Faire en sorte de donner raison au philosophe qui dit que ce qui est juste doit être fort. A l'enfant qui ne comprend pas, on lui tape sur les doigts ; au chef d'Etat qui ne respecte pas son contrat, la communauté se chargera de l'obliger à se conformer à la réalité pour le bien de son peuple par la force d'une armée à constituer. Toute honte bue, Faure Gnassingbé devra se résoudre à respecter la parole de son père qui avait fait adopter sans pression aucune, librement, la Constitution par le peuple togolais. C'est le moment d'obliger collectivement la France à se retirer des affaires africaines. On se souvient de son intervention rapide au Gabon dans les années 60 pour rétablir Léon Bâ destitué par un coup d'Etat militaire. En 1986, quand il y a eu des troubles à la frontière entre le Togo et le Ghana, c'est encore la France qui intervient pour rétablir et consolider le régime de Eyadéma. C'est encore elle qui, dans les années 91, avait massé des troupes au Bénin pour soi-disant protéger ses ressortissants devant les frémissements déstabilisateurs de la région.
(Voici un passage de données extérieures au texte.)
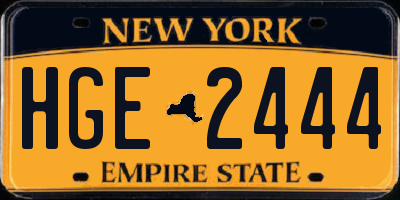 NY license plate HGE2444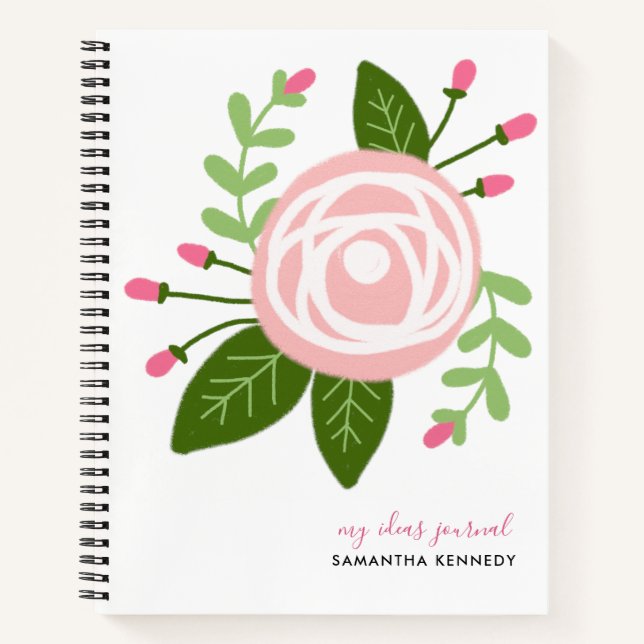 Girly Modern Pink Floral Custom Name Sketchbook Notebook (Front)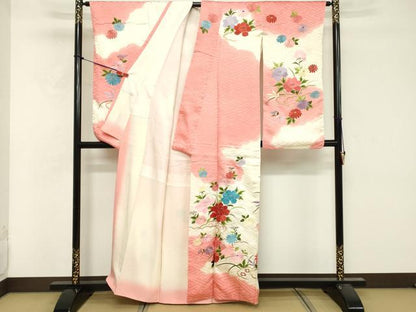 平和屋着物■豪華振袖　総刺繍　草花文　金糸　正絹　逸品　DABF9669cd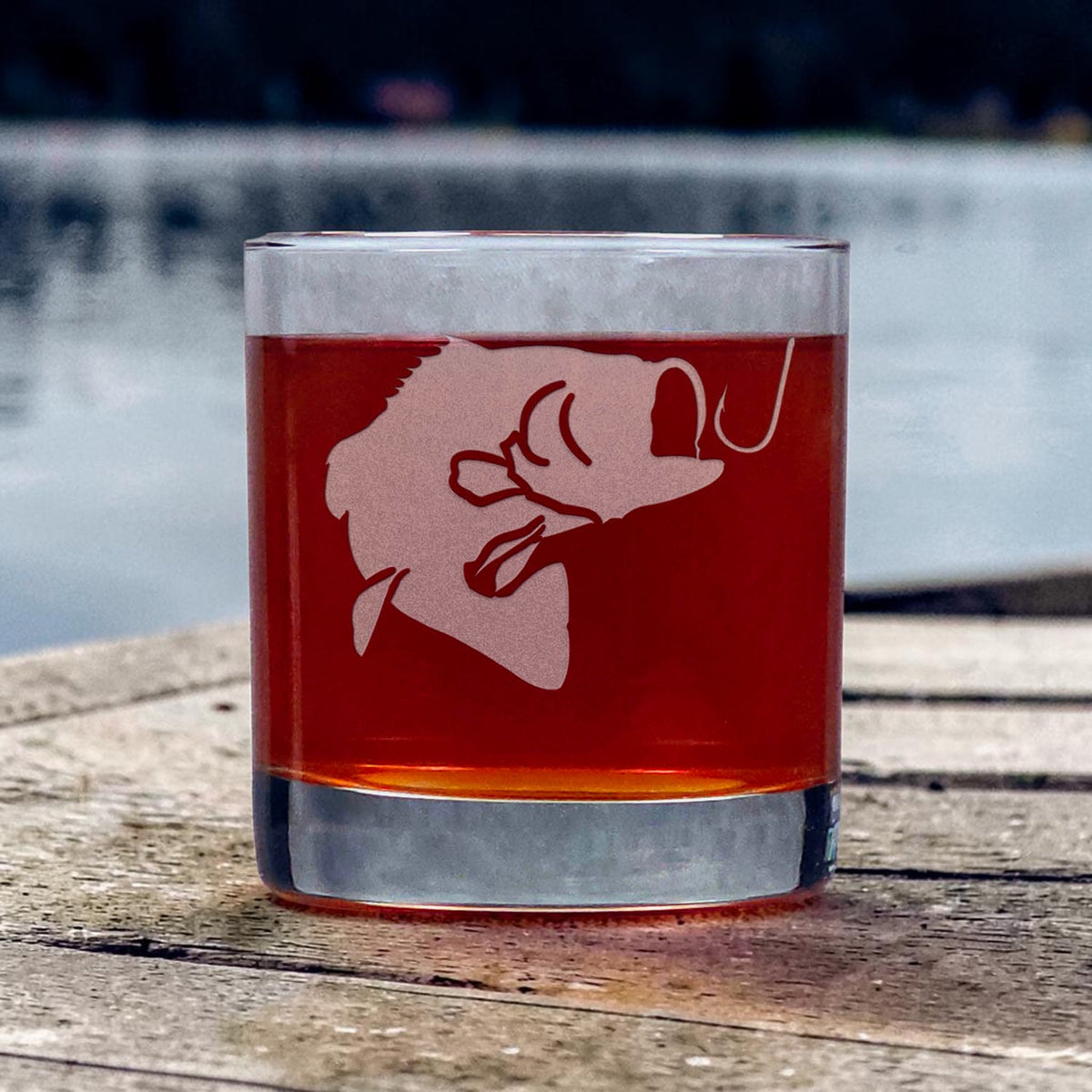 Bass Fish on a Hook 11oz Whiskey Glass - Personalized Fishing Gift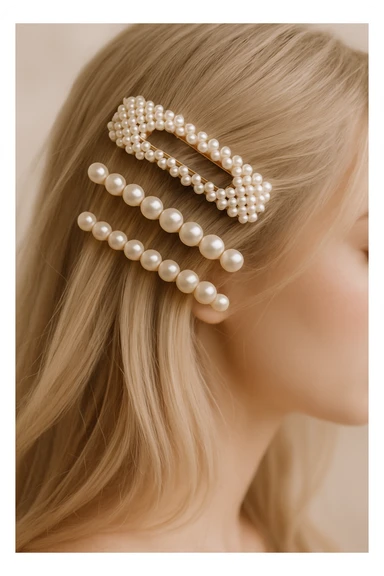 aesthetic accessories, pearl hair clips, delicate and feminine sticker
A la mort d'Eyadéma, Jacques Chirac, responsable moral de la Francophonie, affirme son amitié au dictateur disparu et exprime les condoléances de la France !

N'eut été la promptitude d'Alpha Oumar Konaré à condamner le putsch militaire, la France de Chirac aurait certainement envoyé une colonne raffermir l'Etat de Droit de la famille Gnassingbé ou la légalité républicaine à la manière togolaise, tout comme elle est en passe de soutenir la fougue des rebelles ivoiriens soutenus comme chacun le sait par des puissances étrangères. En réalité, le devoir d'ingérence devrait être adopté par l'Union africaine qui devra se doter d'une armée plus forte pour faire respecter la paix et les Constitutions que les Etats se sont données librement.
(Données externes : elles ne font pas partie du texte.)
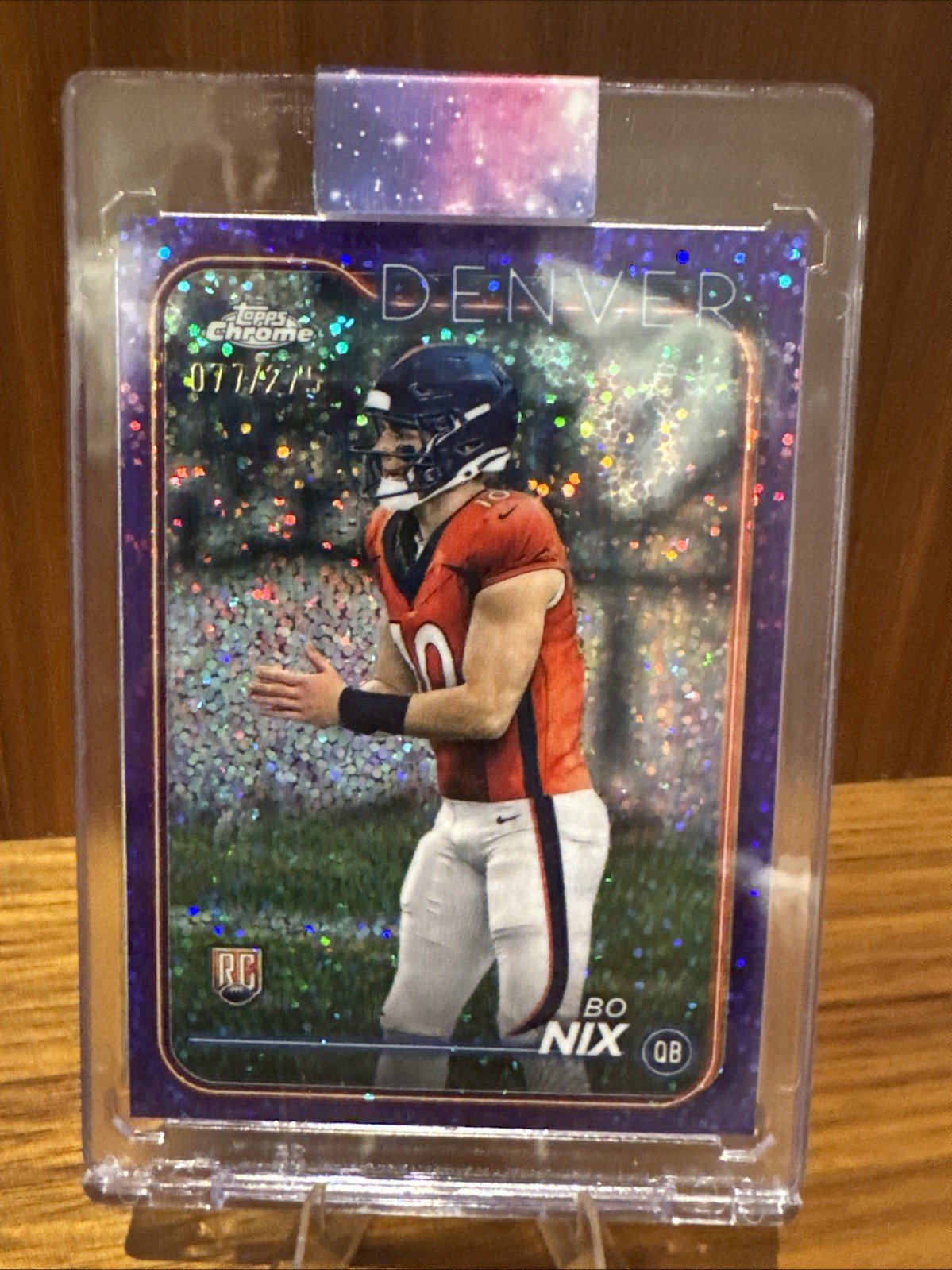 2024 Topps Chrome - Rookies Bo Nix #206 Purple Speckle Refractor /275 (RC)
Devant l'échec au Darfour, Koffi Annan n'hésite plus à faire appel à l'Otan et à l'Union européenne pour sauver des vies humaines, comme cela avait été le cas en Yougoslavie, cette poudrière au centre de l'Europe, sourde à tout dialogue. C'est la force qui a fait plier le régime yougoslave. Ce sera la force issue de l'Unité africaine qui fera plier le régime de la Honte qui prévaut à Kara et à Lomé. Il serait malvenu que, devant l'aggravation des troubles qui ne manqueront pas de s'installer durablement au Togo, que l'Unité africaine baisse les bras et que Koffi Annan soit obligé de faire appel à l'Otan et aux forces onusiennes. L'Afrique doit prendre ses responsabilités et régler le problème togolais par le dialogue comme à Bissau ou à Tananarive ou par la force comme ce fut le cas en Yougoslavie par l'Union européenne.

Toute autre solution risque d'avoir des conséquences incalculables et favoriser l'instabilité durablement dans la sous-région où les troubles en Côte d'Ivoire désorganisent déjà tous les pays limitrophes.